Other useful Python packages#

Announcements#

Goals of this lecture#

  • Review of course: what we’ve learned this quarter.

  • Overview of other useful Python packages:

    • seaborn: easily and quickly make data visualizations.

    • scipy: tools for statistical analyses.

    • nltk: tools for Natural Language Processing, like sentiment analysis.

What we’ve learned#

  • Reflect on the very first day of class: most of you had never programmed before!

  • Now you know:

    • How to use Jupyter notebooks.

    • How to write if statements and for loops.

    • How to create custom functions.

    • How to read in files of various types.

    • How to work with tabular data using pandas.

That’s a lot for ten weeks!

Data visualization with seaborn#

What is data visualization?#

Data visualization refers to the process (and result) of representing data graphically.

  • CSS 2 will dedicate much more time to this.

  • Today: introduction to seaborn.

import matplotlib.pyplot as plt # conventionalized abbreviation
import pandas as pd
import seaborn as sns
%matplotlib inline 
%config InlineBackend.figure_format = 'retina'
/opt/anaconda3/lib/python3.9/site-packages/scipy/__init__.py:146: UserWarning: A NumPy version >=1.16.5 and <1.23.0 is required for this version of SciPy (detected version 1.26.2
  warnings.warn(f"A NumPy version >={np_minversion} and <{np_maxversion}"

Example dataset#

## Load taxis dataset
df_taxis = sns.load_dataset("taxis")
len(df_taxis)
6433
df_taxis.head(2)
pickup dropoff passengers distance fare tip tolls total color payment pickup_zone dropoff_zone pickup_borough dropoff_borough
0 2019-03-23 20:21:09 2019-03-23 20:27:24 1 1.60 7.0 2.15 0.0 12.95 yellow credit card Lenox Hill West UN/Turtle Bay South Manhattan Manhattan
1 2019-03-04 16:11:55 2019-03-04 16:19:00 1 0.79 5.0 0.00 0.0 9.30 yellow cash Upper West Side South Upper West Side South Manhattan Manhattan

Histograms#

  • Histograms are critical for visualizing how your data distribute.

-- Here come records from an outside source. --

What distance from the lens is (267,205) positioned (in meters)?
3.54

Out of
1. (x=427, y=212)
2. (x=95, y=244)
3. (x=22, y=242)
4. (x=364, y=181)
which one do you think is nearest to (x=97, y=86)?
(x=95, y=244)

  • Used for continuous variables.

sns.histplot(data = df_taxis, x = "distance", alpha = .5, bins = 20)
<AxesSubplot:xlabel='distance', ylabel='Count'>
../_images/25-final-lecture_11_1.png

Scatterplots#

  • Scatterplots are useful for visualizing how two continuous variables relate.

sns.scatterplot(data = df_taxis, x = "distance", 
                y = "fare", alpha = .5)
<AxesSubplot:xlabel='distance', ylabel='fare'>
../_images/25-final-lecture_13_1.png

Boxplots#

  • Boxplots are useful for visualizing one continuous variable as it relates to a categorical variable.

sns.boxplot(data = df_taxis, 
            x = "payment", 
            y = "fare")
<AxesSubplot:xlabel='payment', ylabel='fare'>
../_images/25-final-lecture_15_1.png

Barplots#

  • Barplots are also useful for visualizing one continuous variable as it relates to a categorical variable.

  • Typically less informative than a boxplot or violinplot.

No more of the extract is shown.